England Collapse Hands South Africa A Win

England Collapse Hands South Africa A Win

Kagiso Rabada ripped through England to earn South Africa a consolation 280-run victory in just over an hour's play on day five of the fourth Test in Centurion.

The 20-year-old seamer followed up his Test-best first-innings 7-112 with 6-32 as the tourists tumbled from their overnight 52-3 to 101 all out - Alastair Cook's team winning the Basil D'Oliveira Trophy 2-1.

Rabada, the youngest South African to take 10 wickets in a Test match, finished with match figures of 13-144 - figures only bettered for his country by Makhaya Ntini's 13-132 against the West Indies in 2005.

Any bullish hopes England harboured of taking the game to South Africa vanished as four wickets fell for just 25 runs inside the first 40 minutes of play.

The tourists added just four before Joe Root (20) was dropped by Quinton de Kock off Dane Piedt in the second over of the day, but the reprieve was short-lived.

Morne Morkel started the rot with a short ball that James Taylor (24) gloved behind - the Nottinghamshire batsman finishing the series with a disappointing 186 runs at 27 - and with the score still on 58 Root snicked Piedt to Dean Elgar.

Ben Stokes and Jonny Bairstow briefly entertained, but there was to be no repeat of the fireworks that produced a mammoth 399-run stand in Cape Town.
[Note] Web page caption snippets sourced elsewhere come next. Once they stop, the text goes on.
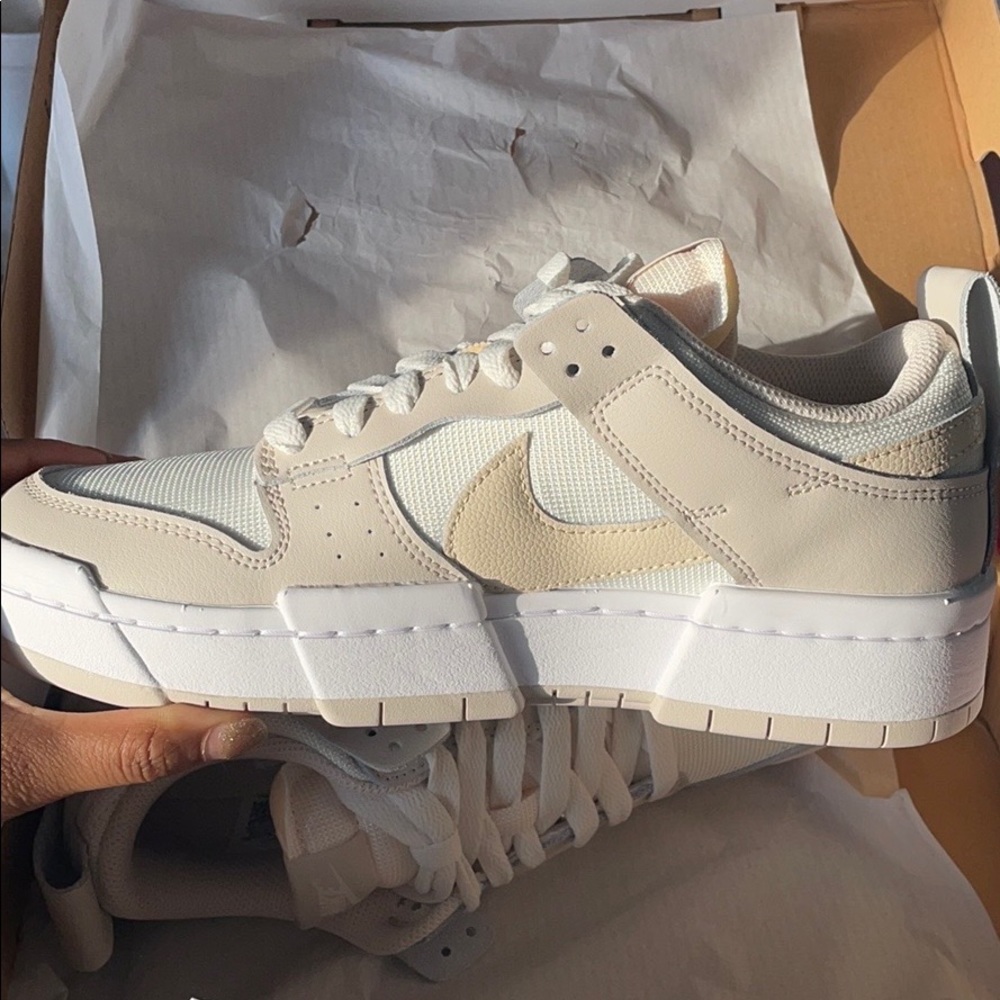 Nike Dunk Low Disrupt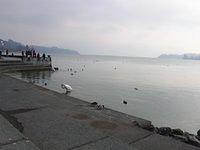 DSCN3231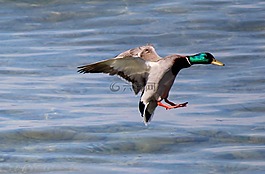 鴨,飛行,著陸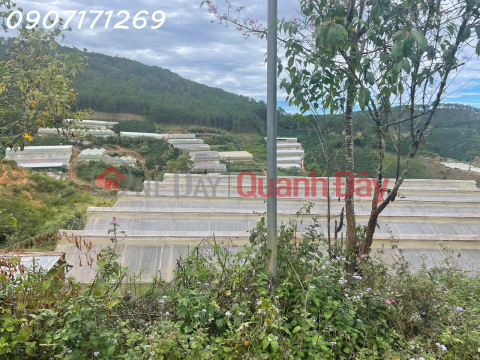 Land for sale in Manglin area, Ward 7, Da Lat City (now Langbiang Ward),area 210m2. _0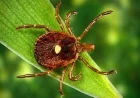 First Fatal Meat Allergy from Tick Bite Confirmed in New Jersey Death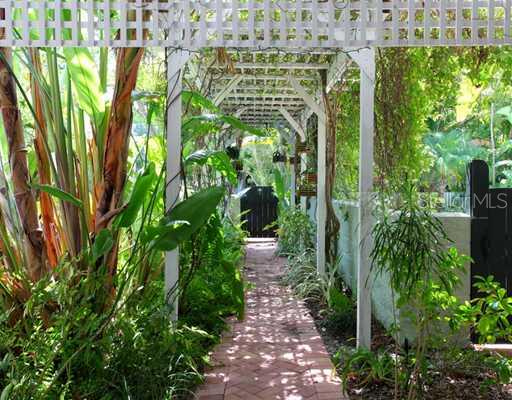 Yard/Garden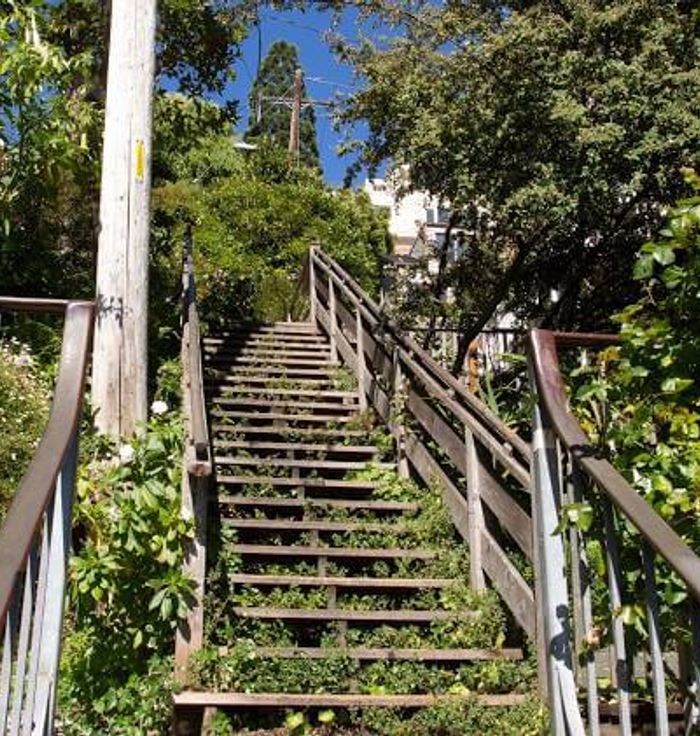 Filbert Steps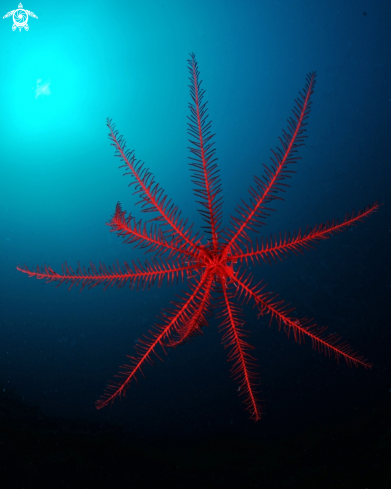 A Antedon mediterraneo | Giglio di mare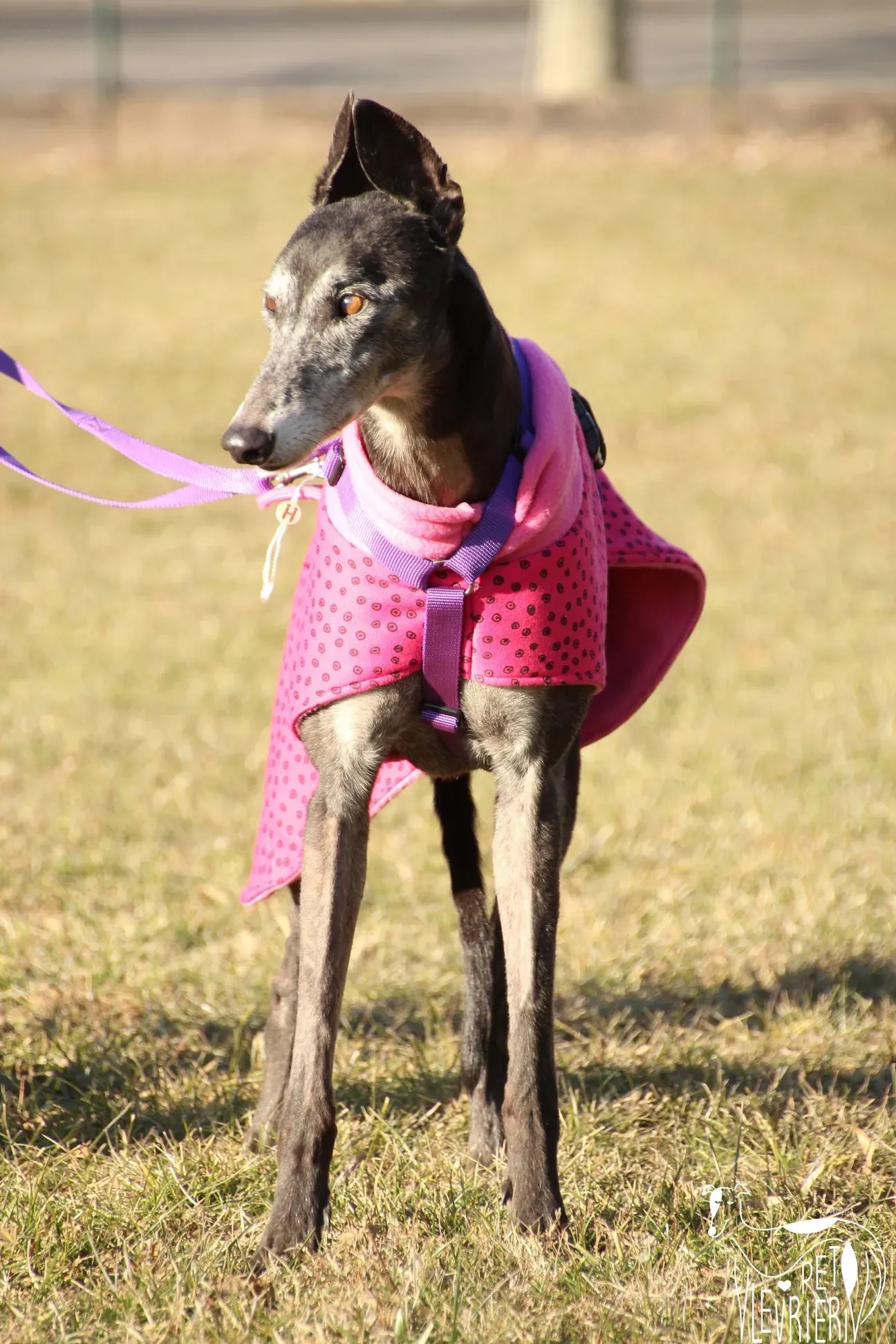 D32E259E EF2A 403A BF0E 4616C8FA6D1E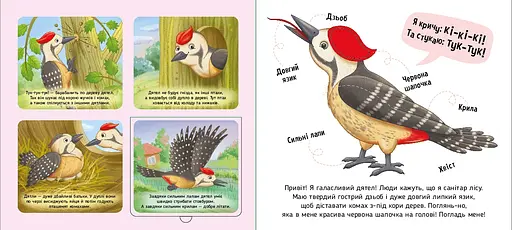 Познайомся і погладь: Лісові тварини - Ірина Потаніна (557587) - фото 4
One delivery after being caught off a Rabada front-foot no-ball, Bairstow snicked through to De Kock to make it 83-6 - the seamer's third wicket of the innings elevating him to the leading wicket-taker of the series with 19 despite not playing in the first Test.

Stokes continued to take on the short ball despite receiving a painful blow in the midriff from Morkel and it proved his undoing, the all-rounder picking out Stephen Cook at deep square.

The procession continued as Rabada found Chris Woakes' edge and Stuart Broad was well caught by De Villiers at slip as the all-rounder threw his bat at the ball.

The seamer needed just one ball at last man James Anderson to wrap up victory in double-quick time.